El coste, evidentemente, es enorme. Uno no puede pedirle a un violinista del calibre de Raphael que dedique su tiempo de profesor a un joven alumno sin recompensarle por el viaje, por las horas que ha dejado de enseñar a otros alumnos, y por el tiempo que cada vez me dedicará más a mí. Después de todo, el hombre no puede vivir del amor que siente por la música. Y aunque Raphael no tiene que mantener a ninguna familia, sí que tiene que alimentarse y pagar el alquiler; por lo tanto, debe conseguirse el dinero de una forma u otra para que Raphael no tenga necesidad de reducir la cantidad de horas que me dedica.

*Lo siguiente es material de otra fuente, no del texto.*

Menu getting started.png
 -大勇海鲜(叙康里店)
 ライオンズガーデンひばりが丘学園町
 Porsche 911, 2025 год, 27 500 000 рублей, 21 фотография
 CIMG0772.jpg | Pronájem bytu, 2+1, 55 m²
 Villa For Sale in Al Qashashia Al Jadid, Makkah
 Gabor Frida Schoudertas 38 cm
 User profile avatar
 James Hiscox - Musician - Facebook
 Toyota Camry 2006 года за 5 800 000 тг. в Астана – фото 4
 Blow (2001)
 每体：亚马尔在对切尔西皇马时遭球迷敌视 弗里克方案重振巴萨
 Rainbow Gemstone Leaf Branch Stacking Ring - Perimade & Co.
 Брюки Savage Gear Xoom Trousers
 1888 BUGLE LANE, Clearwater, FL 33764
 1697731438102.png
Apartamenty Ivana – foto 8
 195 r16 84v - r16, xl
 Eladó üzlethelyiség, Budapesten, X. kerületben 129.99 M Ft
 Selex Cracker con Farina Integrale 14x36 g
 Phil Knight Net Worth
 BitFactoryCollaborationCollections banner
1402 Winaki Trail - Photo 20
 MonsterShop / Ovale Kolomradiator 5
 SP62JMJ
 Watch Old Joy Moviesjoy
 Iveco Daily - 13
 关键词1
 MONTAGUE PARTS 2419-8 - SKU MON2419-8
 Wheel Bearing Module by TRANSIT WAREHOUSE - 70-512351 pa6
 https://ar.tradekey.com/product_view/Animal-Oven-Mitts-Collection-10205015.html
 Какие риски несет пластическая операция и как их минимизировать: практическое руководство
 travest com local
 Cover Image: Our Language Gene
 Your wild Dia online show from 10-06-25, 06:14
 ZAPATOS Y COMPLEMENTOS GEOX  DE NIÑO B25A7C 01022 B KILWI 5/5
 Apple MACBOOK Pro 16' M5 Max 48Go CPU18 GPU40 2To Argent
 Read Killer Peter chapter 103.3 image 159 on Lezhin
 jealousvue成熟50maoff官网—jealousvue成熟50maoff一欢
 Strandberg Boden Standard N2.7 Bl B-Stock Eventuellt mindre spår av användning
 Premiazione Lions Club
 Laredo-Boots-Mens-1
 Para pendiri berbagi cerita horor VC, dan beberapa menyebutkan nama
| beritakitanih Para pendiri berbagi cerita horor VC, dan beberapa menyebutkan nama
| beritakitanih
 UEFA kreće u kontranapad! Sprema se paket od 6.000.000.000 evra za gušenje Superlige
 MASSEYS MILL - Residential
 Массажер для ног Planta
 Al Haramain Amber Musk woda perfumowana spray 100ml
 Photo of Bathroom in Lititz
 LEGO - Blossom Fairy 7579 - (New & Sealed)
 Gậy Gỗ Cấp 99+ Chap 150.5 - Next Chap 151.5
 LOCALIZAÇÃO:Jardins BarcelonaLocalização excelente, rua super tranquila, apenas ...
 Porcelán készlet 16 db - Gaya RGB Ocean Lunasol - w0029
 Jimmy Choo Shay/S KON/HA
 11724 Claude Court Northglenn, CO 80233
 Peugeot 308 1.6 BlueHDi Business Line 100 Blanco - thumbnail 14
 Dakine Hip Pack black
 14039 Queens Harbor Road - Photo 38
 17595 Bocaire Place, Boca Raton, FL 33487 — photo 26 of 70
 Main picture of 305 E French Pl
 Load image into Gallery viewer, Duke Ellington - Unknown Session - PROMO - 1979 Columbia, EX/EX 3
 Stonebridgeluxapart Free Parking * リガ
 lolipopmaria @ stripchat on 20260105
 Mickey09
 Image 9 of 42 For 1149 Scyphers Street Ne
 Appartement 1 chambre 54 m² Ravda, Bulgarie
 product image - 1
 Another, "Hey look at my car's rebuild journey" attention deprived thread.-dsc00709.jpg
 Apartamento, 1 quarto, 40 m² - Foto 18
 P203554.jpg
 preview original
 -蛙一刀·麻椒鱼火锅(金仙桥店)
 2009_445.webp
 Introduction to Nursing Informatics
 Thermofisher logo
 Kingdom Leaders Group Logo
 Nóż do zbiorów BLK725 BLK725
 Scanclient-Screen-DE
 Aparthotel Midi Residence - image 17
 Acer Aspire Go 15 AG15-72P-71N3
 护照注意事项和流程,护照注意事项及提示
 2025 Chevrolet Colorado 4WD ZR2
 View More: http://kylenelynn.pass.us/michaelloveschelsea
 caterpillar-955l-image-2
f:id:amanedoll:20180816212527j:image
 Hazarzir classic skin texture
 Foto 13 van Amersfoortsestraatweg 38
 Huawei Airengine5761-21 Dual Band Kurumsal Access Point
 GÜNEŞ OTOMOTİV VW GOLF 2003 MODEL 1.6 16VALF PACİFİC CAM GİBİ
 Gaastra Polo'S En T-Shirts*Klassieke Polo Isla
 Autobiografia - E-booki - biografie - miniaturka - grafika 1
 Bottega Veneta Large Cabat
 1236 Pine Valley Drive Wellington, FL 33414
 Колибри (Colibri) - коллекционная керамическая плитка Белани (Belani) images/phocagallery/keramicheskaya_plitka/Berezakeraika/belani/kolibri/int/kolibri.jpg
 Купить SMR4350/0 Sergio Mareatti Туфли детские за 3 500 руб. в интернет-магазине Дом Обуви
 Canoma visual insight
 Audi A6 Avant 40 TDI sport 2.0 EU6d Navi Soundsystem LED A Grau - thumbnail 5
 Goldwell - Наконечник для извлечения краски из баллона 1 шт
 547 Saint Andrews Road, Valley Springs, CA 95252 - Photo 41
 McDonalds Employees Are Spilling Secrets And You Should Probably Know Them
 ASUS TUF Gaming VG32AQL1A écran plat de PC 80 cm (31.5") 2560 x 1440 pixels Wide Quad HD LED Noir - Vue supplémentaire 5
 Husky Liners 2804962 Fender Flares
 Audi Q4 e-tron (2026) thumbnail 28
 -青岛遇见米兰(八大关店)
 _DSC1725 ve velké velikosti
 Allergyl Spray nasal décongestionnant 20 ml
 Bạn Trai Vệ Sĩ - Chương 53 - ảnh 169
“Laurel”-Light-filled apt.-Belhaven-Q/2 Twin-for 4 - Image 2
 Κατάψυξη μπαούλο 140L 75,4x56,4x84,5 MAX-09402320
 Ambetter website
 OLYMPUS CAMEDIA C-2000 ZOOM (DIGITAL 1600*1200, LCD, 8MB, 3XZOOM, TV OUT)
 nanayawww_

Mi padre ya tiene dos trabajos. Mi abuelo recibe una pequeña pensión de un gobierno que se siente agradecido por el sacrificio de su salud mental en época de guerra, y con el objetivo de conservar esa salud mis abuelos nunca se han trasladado a barrios más baratos y difíciles en la época de posguerra. Han reducido los gastos al mínimo, han alquilado habitaciones a inquilinos, y han compartido con mi padre los gastos y el trabajo que acarrea llevar una casa de esas dimensiones. Pero no tenían previsto tener un niño prodigio en la familia —así es como mi abuelo se empeña en llamarme— ni habían calculado los gastos que supondría educar a ese niño prodigio para que pudiera desarrollar su potencial.
No se lo pongo fácil. Cada vez que Raphael sugiere que hagamos alguna otra clase, que pasemos una, dos o tres horas más con nuestros instrumentos, expreso con entusiasmo hasta qué punto necesito esas clases de más. Ven cómo prospero bajo la tutela de Raphael: cuando entra en casa, yo ya estoy a punto, con el instrumento en una mano y el arco en la otra.
Así pues, se tiene que buscar una solución para que yo pueda recibir mis clases, y mi madre es la que se encarga de hacerlo.